Eu espero que, no próximo governo de direita, Anselmo Crespo tenha um lugar de destaque. Porta-voz de grupo parlamentar, assessor de ministro, epá qualquer coisa, porque é merecido.

O que este homem faz no comentário político está ao nível de um Pedro Guerra ou Aníbal Pinto nos lagares noturnos sobre bola da CMTV.

Notem que eu compreendo que um deputado seja tendencioso na análise política. Não espero que Marques Mendes, Bernardino Soares, Catarina Martins, Lobo Xavier ou o Relvas das 4 cadeiras façam uma crítica isenta. É normal que falem com o casaco de político vestido. Mas um painel de jornalistas, noite após noite, sempre a tentar influenciar a  opinião pública com análises absolutamente tendenciosas, é algo que me irrita profundamente.

A não ser que aceitemos, de bom grado, que as opiniões na praça pública sejam apenas de um espectro político e tudo bem. Metade do país desliga a televisão e fala entre si.

Vi o debate entre Paulo Raimundo e Montenegro apenas hoje. Nas ilhas dos Açores (ou naquele sítio fora da República, se preferirem) o carnaval dura um mês, pelo que esta azáfama com eleições chega na altura errada.

Sobre a oratória de Paulo Raimundo já falei ontem, noutro artigo (ver aqui), e li as críticas feitas a um texto que acabou por ser lido por mais gente que eu imaginava.

As minhas expectativas para o debate eram por isso pequenas, apesar de achar Montenegro muito fraco nestas lides da argumentação. Mas enganei-me. Paulo Raimundo apareceu melhor, com algum trabalho feito e com o raciocínio estruturado.
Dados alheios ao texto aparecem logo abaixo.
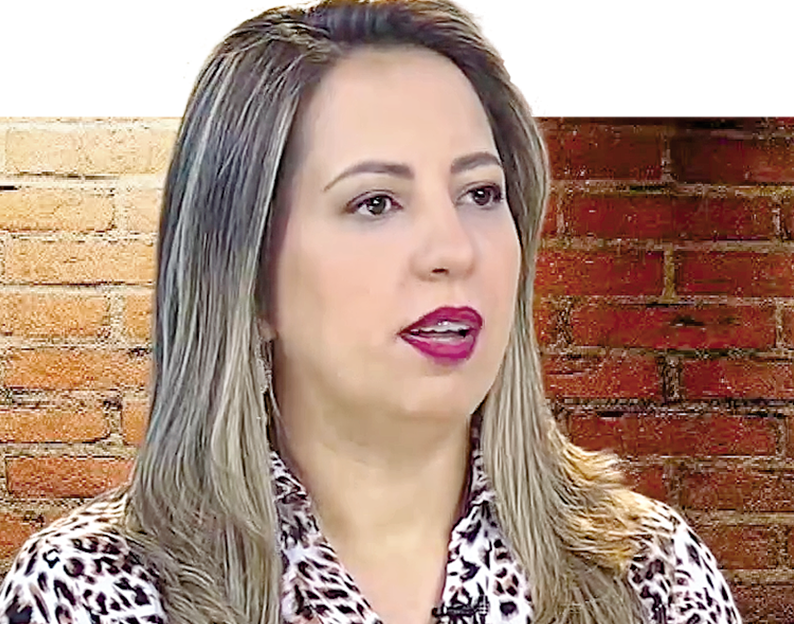 Kaline Tascin ketascin@universal.org.br Valéria Pessoa, de 40 anos, psicóloga, frequentava uma denominação religiosa em que falavam que a Universal era uma seita. “Me diziam que eram pregadas heresias, teologia da prosperidade, charlatanismo, que os pastores faziam parte de uma quadrilha e que o Bispo Edir Macedo era o chefe”, relembra. Ela cresceu com a ideia fixa e preconceituosa de que a Universal não prestava. “Eu falava para o mundo ao meu redor que a Universal era de ladrões, que tudo lá era mentira e que os testemunhos eram comprados.” Ela se formou, casou com um engenheiro, tinha uma vida aparentemente confortável, mas não tinha paz. Ela sofria com asma e chorava o tempo todo. Em um certo período, ela e o marido ficaram desempregados e foram morar no porão na casa de seus pais com dívidas e uma filha para cuidar. Seu esposo passou a seguir a Universal nas redes sociais e tomou conhecimento do filme que seria lançado na ocasião: Os Dez Mandamentos. “Ele me convidou para almoçar, assistir ao filme e, em seguida, ir à reunião da Universal no Brás e eu aceitei. Na minha cabeça, eu jamais colocaria os pés na Universal.” Naquela primeira reunião que ela participou, o pastor estava consagrando a água do milagre e uma senhora doou uma de suas garrafas de água para Valéria. “Foi algo simples, mas que me tocou, porque todos falavam tão mal da Igreja e logo no início fui muito bem tratada”, recorda. Valéria e seu esposo passaram a frequentar a Universal. Ela foi curada da asma, eles compraram duas casas, abriram uma empresa e a filha recebeu o Espírito Santo. “A Igreja Universal é minha escola. Sou muito grata pelo que vivi e aprendi. O bem maior que recebi foi o Espírito Santo, que está comigo todos os dias”, finaliza.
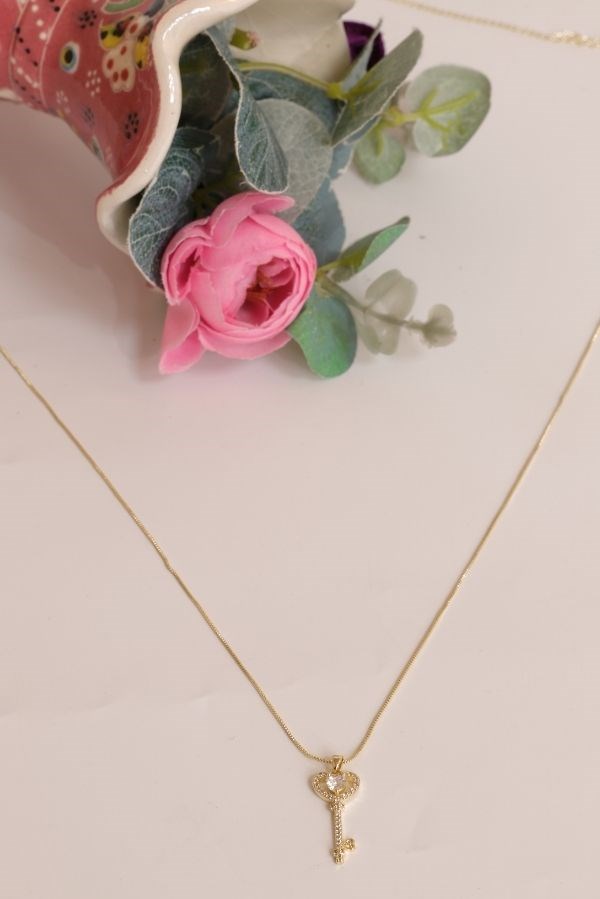 Trend Seri Gold Renk Anahtar Model Kolye 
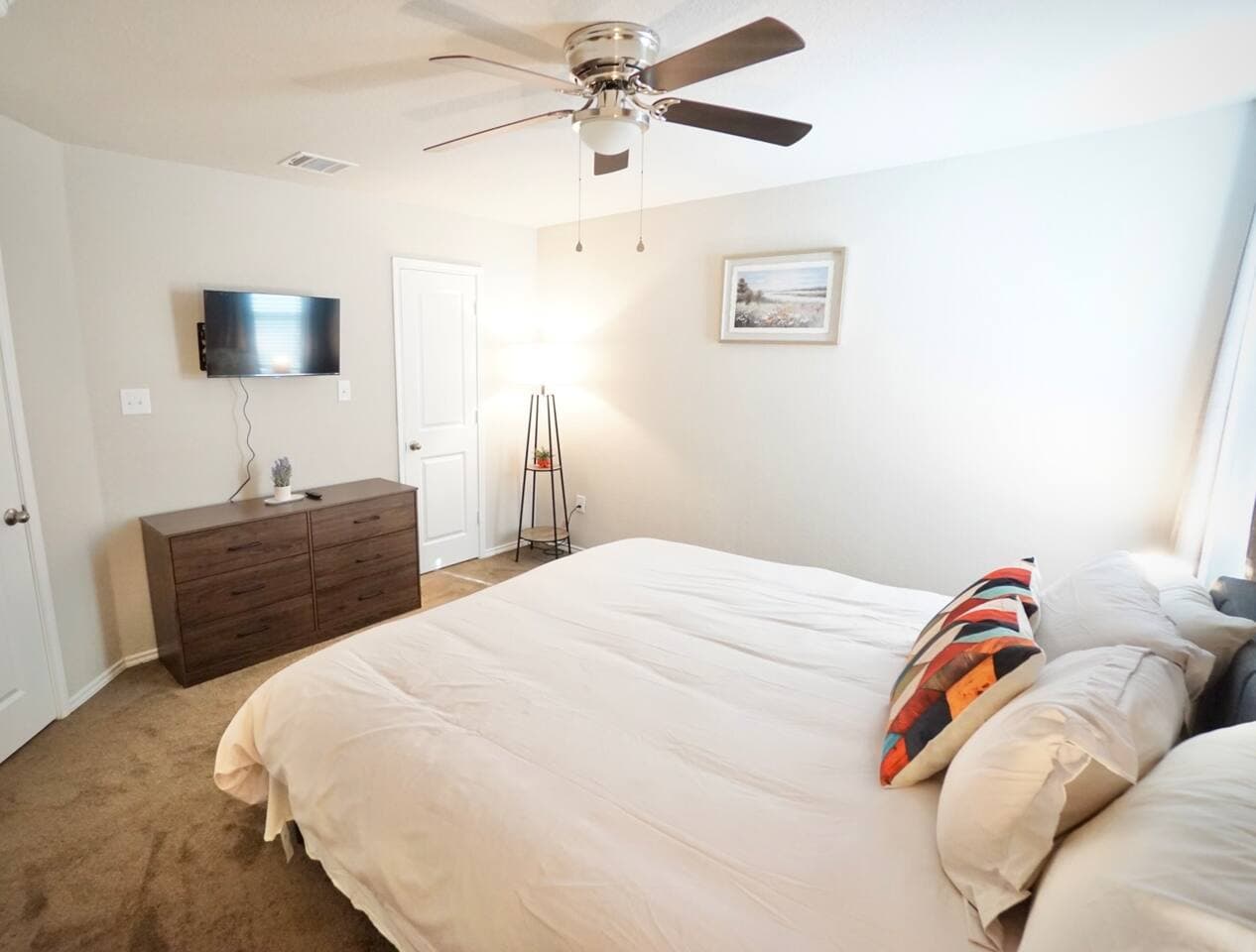 NEW 3 King BR I Central Loc | Fully Stocked 26
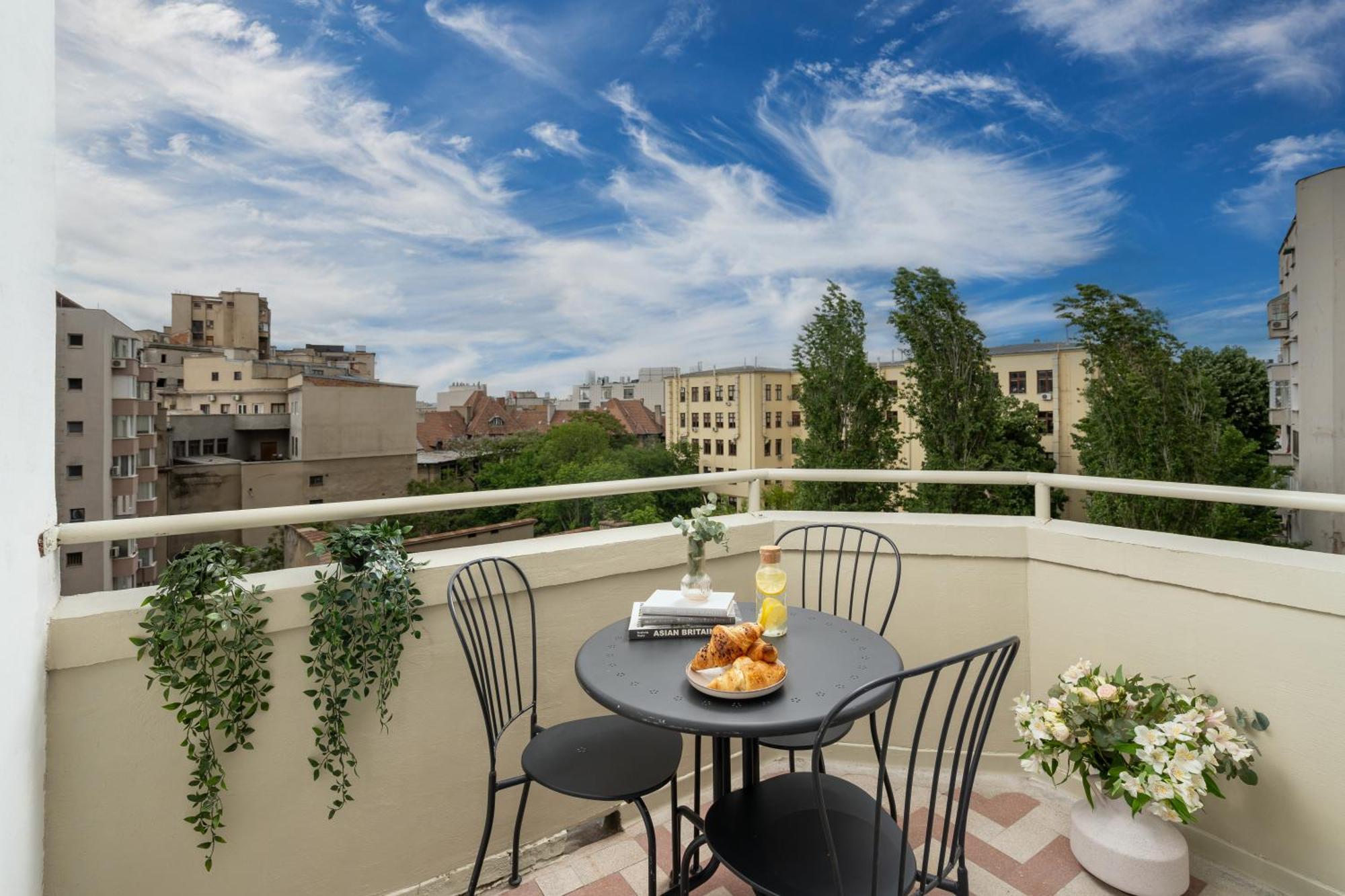 Little Paris By Urbanesq Apartment Bukares Bagian luar foto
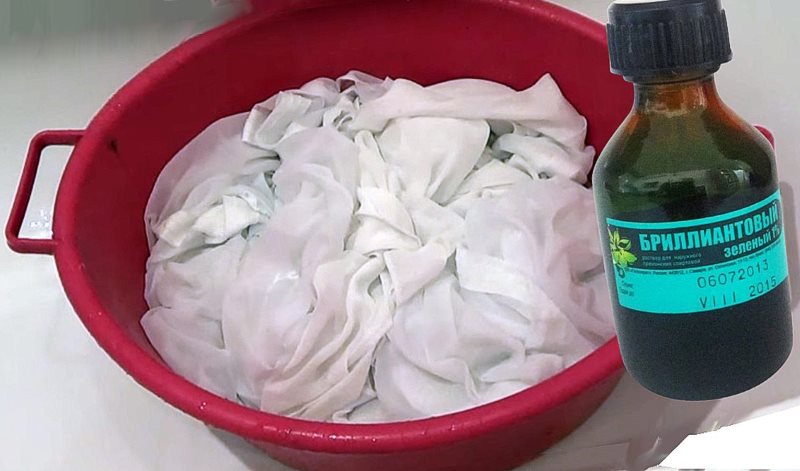 L'utilisation de peinture verte pour blanchir le tulle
Raimundo não consegue cativar pela eloquência da palavra e usa, de forma aflitiva, bengalas gramaticais. Em cada tema não podemos ter, “este é que é o grande problema”. Porque se for esse, já não pode ser o seguinte ou o anterior. Continua sem conseguir “atirar a matar” quando os adversários abrem a carreira de tiro. João Adelino Faria passou-lhe a casca de banana na história do aeroporto, que Montenegro mordeu e, Raimundo podia ter aproveitado para lhe dizer que, o aeroporto e a nova comissão, saída da cabeça de Montenegro, mostram a falta de palavra do PSD e os fretes aos grupos privados.

Ainda assim, Paulo Raimundo, como dizem os brasileiros, optou por feijão com arroz. Bola no pé, toca e foge, ideias simples mas concretas. Em 3 palavras: passou a mensagem.

Teve a ajuda de Luís Montenegro que patinou na história das pensões. Raimundo disse-lhe duas vezes que o PSD promete agora, não só o que cortou no passado (pensões), como também aquilo que votou contra no parlamento (proposta do PCP).

Ficou claro, para quem ouviu, que as pensões são uma promessa eleitoral para o PSD e não mais do que isso. Porque se assim não fosse, teriam votado favoravelmente no parlamento. A vida nestas coisas é muito simples e o que parece, é.

Montenegro voltou a ficar entalado com o apoio ao PS no congelamento da carreira docente, embora agora andem a prometer mundos e fundos aos professores. Eles, com Luís Montenegro como líder da bancada parlamentar, que disseram a estes mesmos professores que não fossem piegas e emigrassem.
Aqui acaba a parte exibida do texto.